Earlier today I and a lot of other folks got an email from Vikki Porter, who's leading a Knight Digital Media Center conference for editorial page editors. "We are urging them to build credibility with their users by having the courage to send users elsewhere for info when they can't meet the need. As expected they are appalled. They want hard data to take home to convince their legacy managers this is a good idea."

My snarky reply was: "Yes, they do come back. And that's why Google's current market cap is 140.73 Billion USD." I refrained from mentioning McClatchy's plummeting valuation.

Snarky, but serious: Google has built an empire on sending people elsewhere while many newspaper editors seem to be living in the 1960s.

Get this point. It's a network, not just another distribution channel. Being part of it means linking and referring.

If my memory serves, I spoke twice at meetings of the National Conference of Editorial Writers in the mid-1990s, once in Madison, Wis., and once in San Antonio, Tex., about the opportunity that the online venue was presenting for a broader and deeper social conversation.

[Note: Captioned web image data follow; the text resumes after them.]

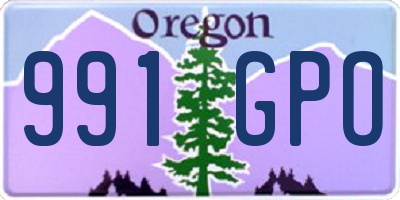 OR license plate 991GPO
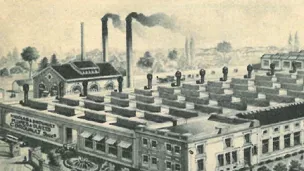 L'usine Drouault après son ouverture en 1850, au Mans © Drouault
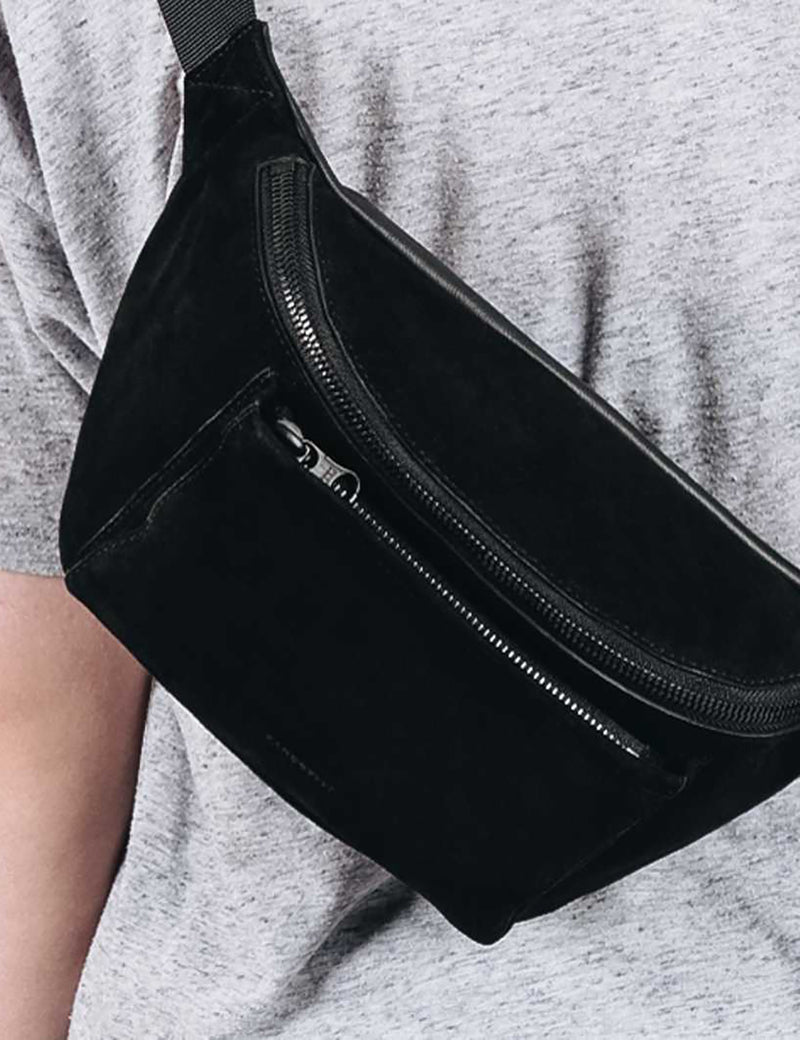 Sandqvist Sarah Hip Bag (Suede) - Noir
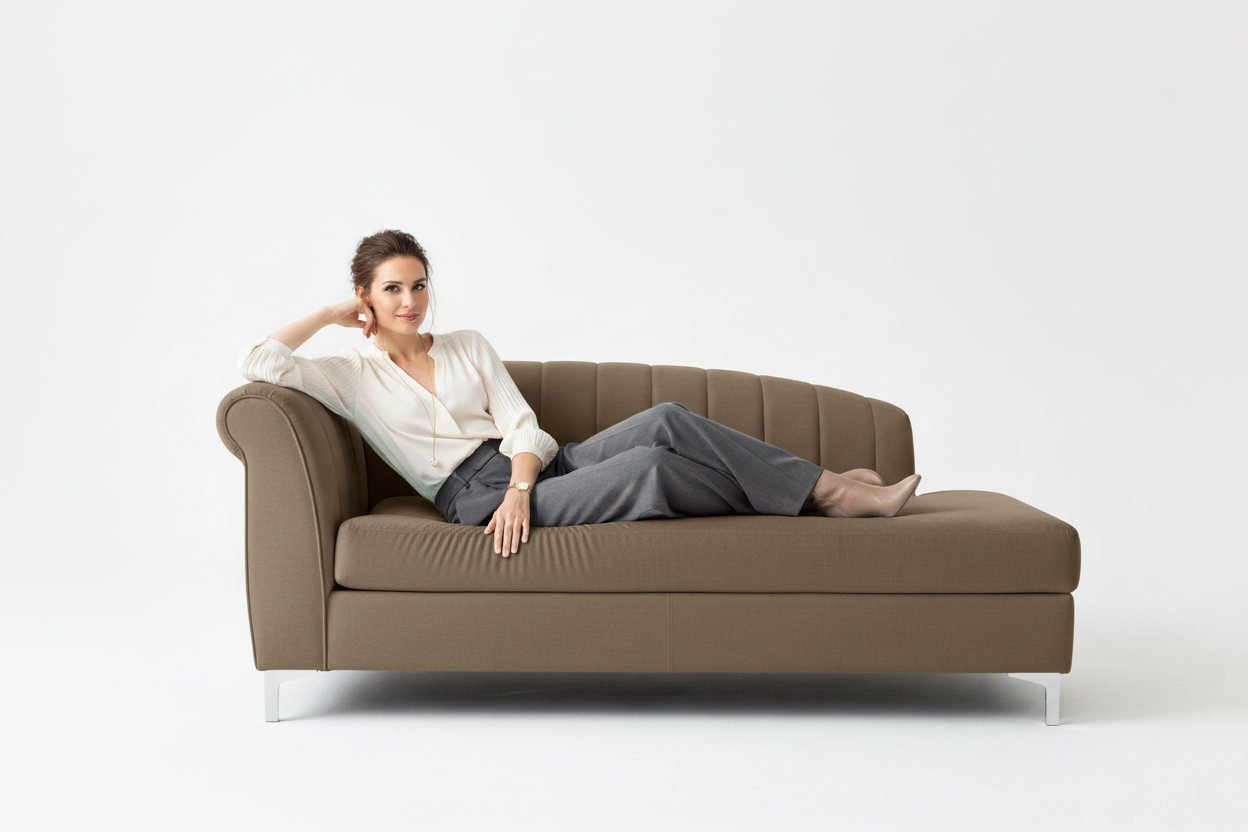 change the sofa color to dark beige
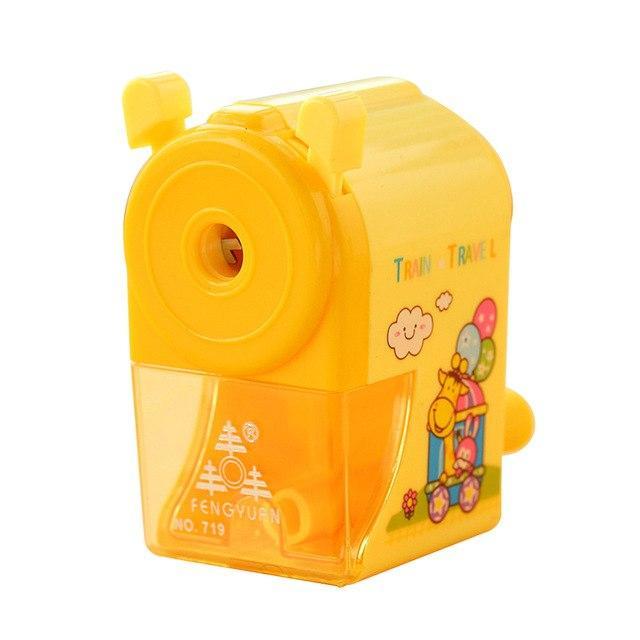 New Manual Pencil Sharpener Mechanical Hand Crank Kids Desktop Cute School Supplies Anti-slip handle simple safe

Of all the mini-disciplines within journalism, the opinion and community forum leadership role of the "editorial page" should be a natural fit with the conversational strengths of the Internet. And yet many editorial page editors seem utterly lost. Sad.

Comments

Didn't everyone watch "Miracle on 34th St." when they were kids? If you (Macy's) tell customers about something relevant somewhere else (Gimbel's), they will come to trust you as a valued source of information.